Odd. I have never known a different plural for “roof” in my 60+ years and my 47 year old collegiate dictionary provides “roofs” (final phoneme [s/), as the plural.
It does give an alternative final phoneme /z/, but only as an alternative. You might be seeing a change in your local dialect without seeing a shift in the overall language.

No response from Mr. Seldon? Apparently he lacks access to any linguistics textbook. Wikipedia/Wiktionary to the rescue! Scroll down to Declension and Click on show.

Does this help?

I have, too, but only from people trying to affect certain Southern dialects, i.e. they are not native dialect speakers. I’m not entirely convinced that it is used in the singular with any regularity, and there seems to be a bit of a controversy over whether it is or not.

This pretty much jibes with my experience.

I think it’s “English, shit outta luck” because of all the irregularities for a ESL student.

My advice would be to give it a rest.

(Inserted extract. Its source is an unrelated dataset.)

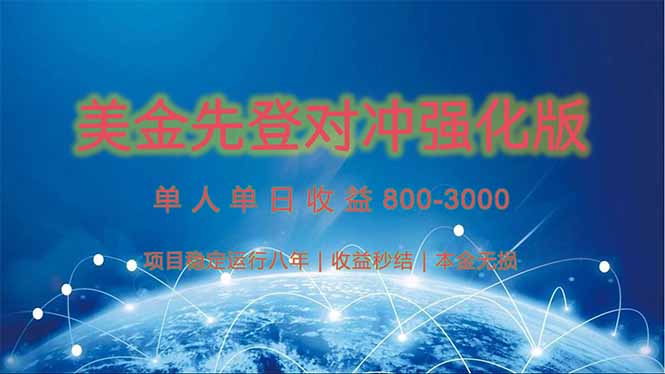 美金先登计划对冲强化版，2025年黑马中最暴力收益日收益1k-4k（可放大…-E六资源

This is GQ, not Ego Battle Central.

Besides, Hari Seldon didn’t “post as fact” anything “from his imagination.” He expressed doubt about a claim you made, and also, in giving the reason for his doubt, related the (true, not from his imagination) fact that s plurals are rare in Germanic languages. You provided a fuller form of your citation, showing that Seldon’s doubts were misplaced in this case.

End of story. Apologies, indeed any responses at all from Seldon, are uncalled for and irrelevant.

I agree with your overarching point. I just felt like the OP and his student needed a conceptual way to get “there” from “here”. The expectation that human language should work logically seems to come naturally to people … the realization that maximally-efficient, wetware-based human language depends upon the presence of irregular forms is not particularly intuitive, IMHO.

Agreed. What Bodmer really does is demonstrate that many different human languages, by diverging from perfect logical precision in their contructions, present difficulties of one kind or another to the learner. I only recommended Loom of Language as a counter to the conceit that “my language makes so much sense, while English is just a chaotic mess”.

From what I know of children’s linguistic acquisition, it should be the reverse. Kids regularize everything and only learn their irregular forms later. I can’t count the number of times kids have said “He hitted me” and “We goed outside.”

Google " ‘frequency boosting’ linguistics". The first three (.pdf) results are pretty on-point.

Actually, in my experience (with my two kids), first they learn many of the irregular forms one by one (because they are common words that are learned first), then they grasp the concept of “rules” and apply them to everything, applicable or not, then they learn the exceptions. So a toddler says “I got,” then “I getted,” then back to “I got” as his language skills develop.

Similarly, they get the orientation of their letters right when they first learn them, then start randomly mirroring some of them for a while when they’re working on combining them and interpreting them (instead of just identifying them), then get them all straight again in a year or two.